Story & photos by Angela Bao Bei Bei (@AngelaBaoBeiBei)

Public School 192 - Harlem

Public School 192 Jacob H. Schiff on the morning of September 6, the opening day of a new semester.

Hamilton Heights – A little past 7:30 last Thursday morning, Jennifer Low stood in the cafeteria of Public School 192, anxiously waiting her first batch of students – 10 second- and third-graders with disabilities ranging from autism to speech and hearing impairments.

Low, 22, is a first-year Teach for America fellow and one of 260 special education teachers the nonprofit has placed in New York City this year. Having no more teaching experience than a five-week preparation program she finished in July, Low will be the only teacher in her class.

“I am really nervous,” said Low, who was born in a small city in Malaysia and grew up in Chinatown in Lower Manhattan.

Nearly 40 percent of Teach for America’s fellows in the city are special education teachers. In addition to the training program, which involves teaching in summer school classes and receiving feedback from veteran teachers, Teach for America also enrolls its fellows in an alternative certification program. Fellows must attend evening classes at one of the universities that Teach for America partners with, and earn a master’s degree and a teaching certificate at the end of their two-year contract.

The nonprofit’s efforts to get its teachers ready for the classroom also include mentoring and seminars, a spokeswoman at Teach for America, Danielle Montoya, said by e-mail.

Not everyone thinks that is enough.

Susan Luger, founder of a New York-based special education advisory group, Susan Luger Associates, Inc., said kids with disabilities need someone who thoroughly understands their challenges, such as learning and identifying difficulties. “They cannot learn that in five weeks,” she said.

“How can they compare to those who spent three or four years in school learning special education?” Luger said in a telephone interview, “Their students are not going to get the education the law demands.”

According to the Individuals with Disabilities Education Improvement Act of 2004, special education teachers must be “highly qualified,” which means having obtained full State certification as a special education teacher, or having passed the State special education teacher licensing examination and holding a license. A bachelor’s degree – at least one – is also required.

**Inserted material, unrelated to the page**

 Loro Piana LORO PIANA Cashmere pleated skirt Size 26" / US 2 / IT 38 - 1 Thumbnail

The Act allows a waiver of the special education certification or licensing on an “emergency, temporary, or provisional basis,” according to the United States Department of Education’s Web site.

Low is licensed to teach in Hamilton Heights, said the spokeswoman of Teach for America, and she will be certified to teach special education upon completing her twice-a-week training at Hunter College over the next two years. Low is also a graduate in environmental science from a college in Ohio.

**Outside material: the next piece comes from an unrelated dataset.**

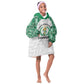 Custom Nigeria Super Eagles Kid Wearable Blanket Hoodie African Football Champions 2025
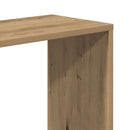 bogreol 80,5x23,5x162,5 cm 5 hylder konstrueret træ eg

Still, critics like Luger worry about the qualifications of the likes of Low, as well as the city’s new plan this year to pull disabled students out of specialized programs in District 75 and instead mainstream them into local schools.

In a note published on the city’s Department of Education Web site in June, Dennis Walcott, the department’s chancellor, lauded the move as “an important step” to ensure all high school graduates are ready for colleges and careers.

Disabled students in District 75, most of whom were previously separated from their non-disabled peers, will now be given “increased access to the same curriculum” and “challenged to reach the same high expectations,” according to the announcement.

Luger said the change “will create real problems” for the parents and kids, because “necessary classes and resources may not be there.” Even Low agrees. She said the reform is “controversial” as “students all come here but they don’t have all the resources they need.”

Jennifer Low, sitting in the classroom that took her six days to clean up, said she was nervous to meet her first batch of students on September 6.

At P.S. 192, Low was assigned to a previously abandoned classroom on the second floor. Unlike the classroom across the hallway for mainstream four- and five- grade students, Low’s classroom is not equipped with air-conditioning, leaving the room temperature at 81 degrees on a recent afternoon.

“It’s a sauna. I hate saunas. How are they going to study here?” Low said.

“But in late morning, it’s gorgeous, at least my view is nice,” she soon added, looking out of the window where her eyes met with shrubs and some wild flowers.

Low always knows how to cheer up herself. As an immigrant child who came to the United States at age six and became the first college graduate in her family, Low knows about how difficult life can be. Yet, she remains optimistic and determined.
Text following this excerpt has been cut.